Once again Zuhair Murad, who only unveiled part of his collection, showed us why he reigns when it comes to understanding the female body, mind-blowing tailoring and elegance with just the right amount of drama. For his latest Paris offering, the designer had two sources of inspiration, and both will have you making a grand entrance next season. With ancient Greece in mind, there were looks fit for a warrior princess, as well as those that are perfect for women in a mood for some romance and sprite-like magic.

As well as studded jackets and beautiful trouser and jacquard suits, we were treated to an array of belted and long gowns (some with a deep ocean motif), fringed pieces, Murad’s renowned beautiful jumpsuits and tight-fitting leather. Knitwear was also aplenty, including dresses with accordion pleats and crystals. Black, white and gold studs helped put a stamp on the powerful and sensual looks, while feathery embroidery, embellishments, pastels, some macramé and lace were spotted on the dreamier ones.













 

Romantic Drama At Kristina Fidelskaya

For her Paris Fashion Week debut and ninth collection, Kristina Fidelskaya was inspired by the romantic drama “W.E.” The women in the movie are determined yet graceful, and Fidelskaya’s spring/summer 2018 collection is an overall appreciation of this balance.
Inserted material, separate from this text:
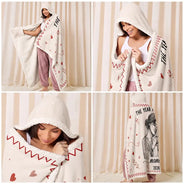 Art Design,Christmas,Custom Photo,First Christmas,Gift For Mother,Gifts For Her,Happy,New Baby,New Mom,Photo - Pencil Sketch - Remove BG - Gift For New Mom - Personalized Custom Photo Pencil Sketch The Year I Became A Mama Wearable Hooded Blanket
The Dubai-based designer’s ‘Anima’ show focused on sculptured volume inspired by Brutalist architecture, pure lines from 30s architecture and romantic art deco in America. The stronger looks incorporated muted, earthy tones like mercury, rose quartz and dry tobacco with delicate materials like silk twill, linen toile and organza. Fidelskaya, the Creative Director who spearheads the eponymous prêt-à-porter brand, included a notable jacket dress, structured figure-empowering shapes, as well as floating and loose fitting styles and perfectly cut and shaped two- piece looks. As always the looks were feminine, effortlessly chic and simple with silhouette-embracing styles.
 











 

Inconspicuous Confidence At December Nineteen 
December Nineteen is another UAE-based brand to make its first appearance at Paris Fashion Week while launching its debut collection, with the help of The Time Tomorrow showroom. Originally from Denmark, but living in Dubai, it’s not a surprise the Founder and Creative Director, Linda Bruun Lacin, looked to Scandinavian and Middle Eastern aesthetics for inspiration. She loves to meld the rough, cosy feel of old Middle Eastern traditions, sometimes looking at Bedouin culture, with cool Scandinavian minimalism.

The sophisticated spring/summer 2018 collection, aptly called “The Introduction," is the epitome of everything modern, timeless and pure. With neutral colours rather than bright hues at the forefront, the separates are simple and sleek. In fact, they’re so simple you won’t see any embroidery, embellishments or stones at all. The December Nineteen woman seems confident enough without any lavish trimmings. The shapes are structured, with that relaxed and loose air you can find all over Scandinavia. 

Justly, the collection stays true to the reason why Lacin started the brand. The former stylist believed there was a need for good quality understated pieces in the Middle Eastern market. The SS18 collection will be available in stores across the region from December 19, 2017.